PROBLEM TO WORK ON -> Ignoring every picture, return the lines of the listing below word for word, from the line that holds "Square Outdoor Wall" through the line that holds "Rimini Long Luxurious".

DATA IN THIS EXERCISE ->

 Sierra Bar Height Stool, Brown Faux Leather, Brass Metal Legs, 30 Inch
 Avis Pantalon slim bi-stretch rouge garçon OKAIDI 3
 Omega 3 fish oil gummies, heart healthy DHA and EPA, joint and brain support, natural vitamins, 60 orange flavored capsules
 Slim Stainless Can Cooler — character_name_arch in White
...
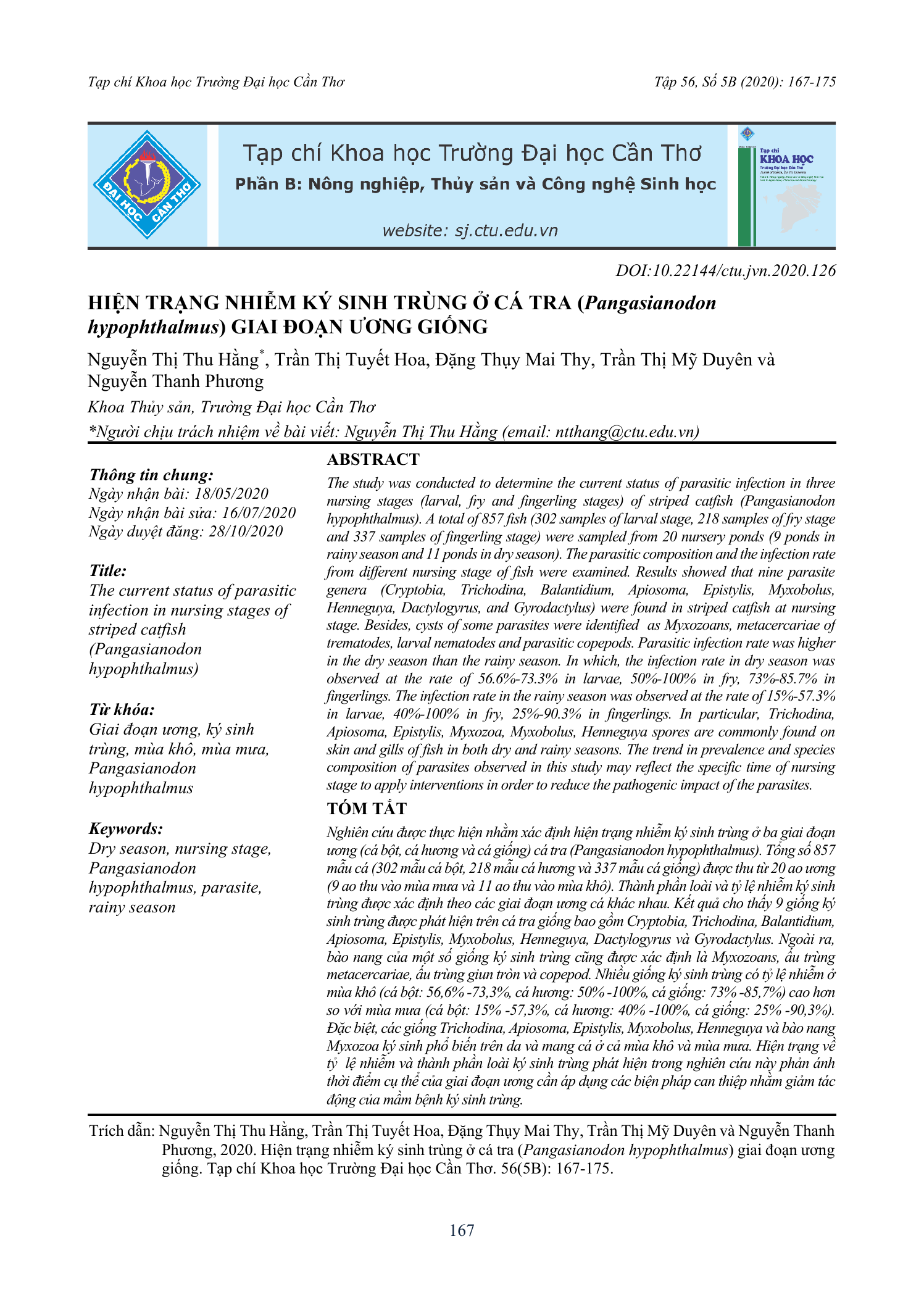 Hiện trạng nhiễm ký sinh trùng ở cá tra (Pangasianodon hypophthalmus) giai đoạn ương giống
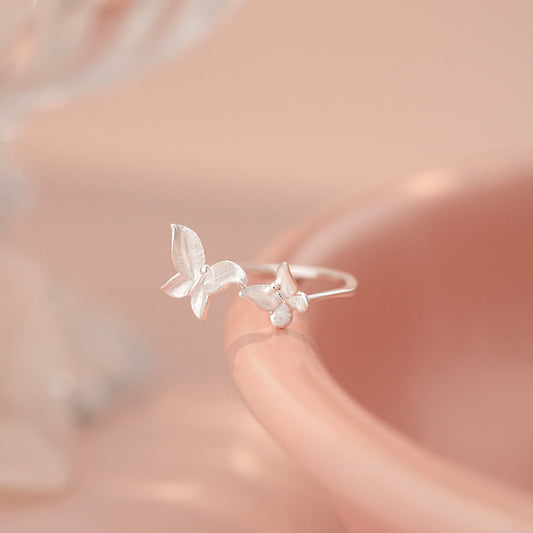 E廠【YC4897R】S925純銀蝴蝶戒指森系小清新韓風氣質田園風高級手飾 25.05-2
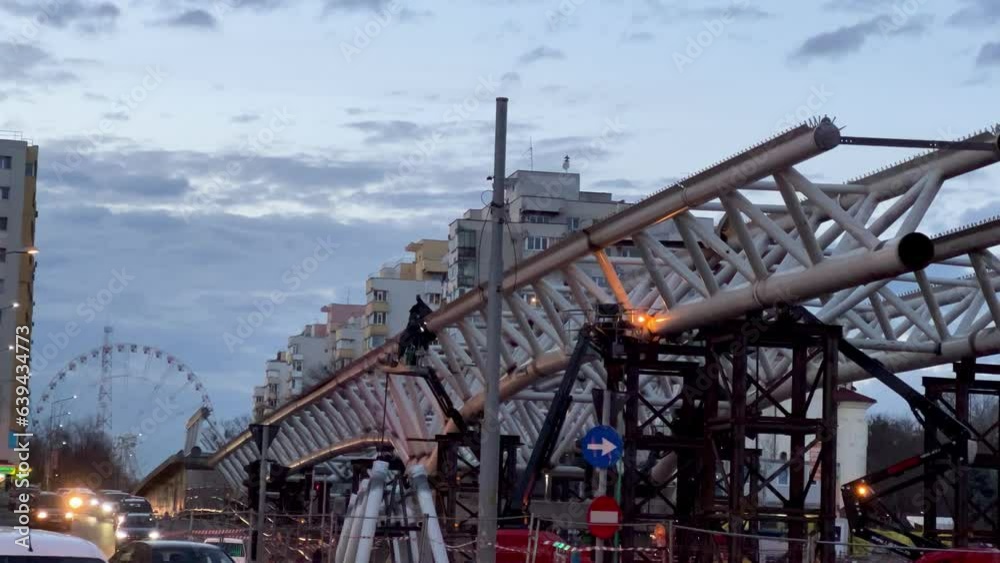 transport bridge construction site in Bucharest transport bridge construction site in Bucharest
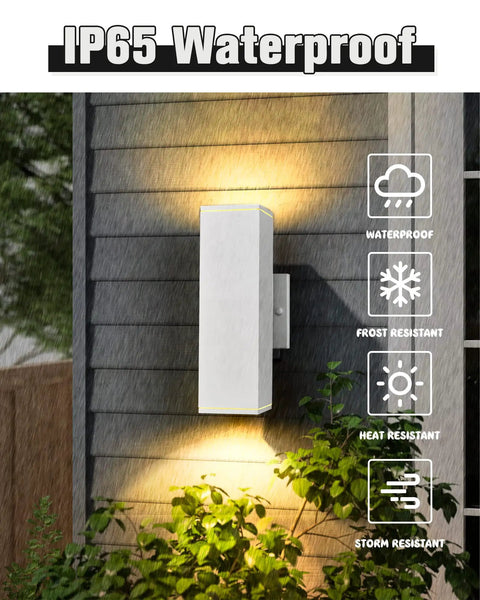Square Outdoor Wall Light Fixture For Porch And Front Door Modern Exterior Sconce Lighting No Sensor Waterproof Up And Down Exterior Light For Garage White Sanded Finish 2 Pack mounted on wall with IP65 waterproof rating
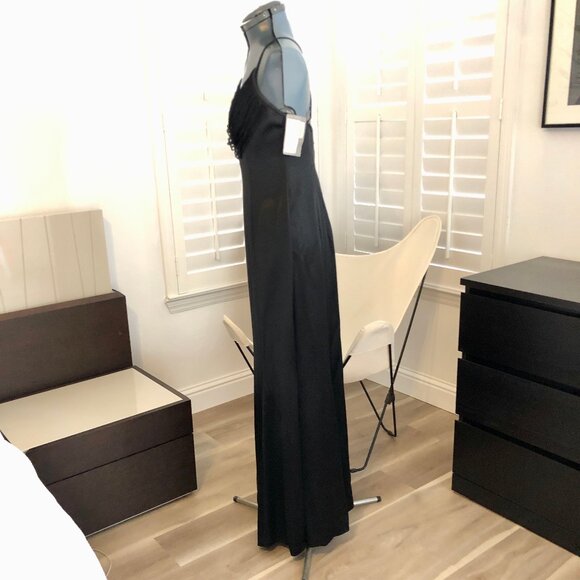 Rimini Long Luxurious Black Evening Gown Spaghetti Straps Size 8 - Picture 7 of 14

WRITTEN SOLUTION ->
Square Outdoor Wall Light Fixture For Porch And Front Door Modern Exterior Sconce Lighting No Sensor Waterproof Up And Down Exterior Light For Garage White Sanded Finish 2 Pack mounted on wall with IP65 waterproof rating
 Rimini Long Luxurious Black Evening Gown Spaghetti Straps Size 8 - Picture 7 of 14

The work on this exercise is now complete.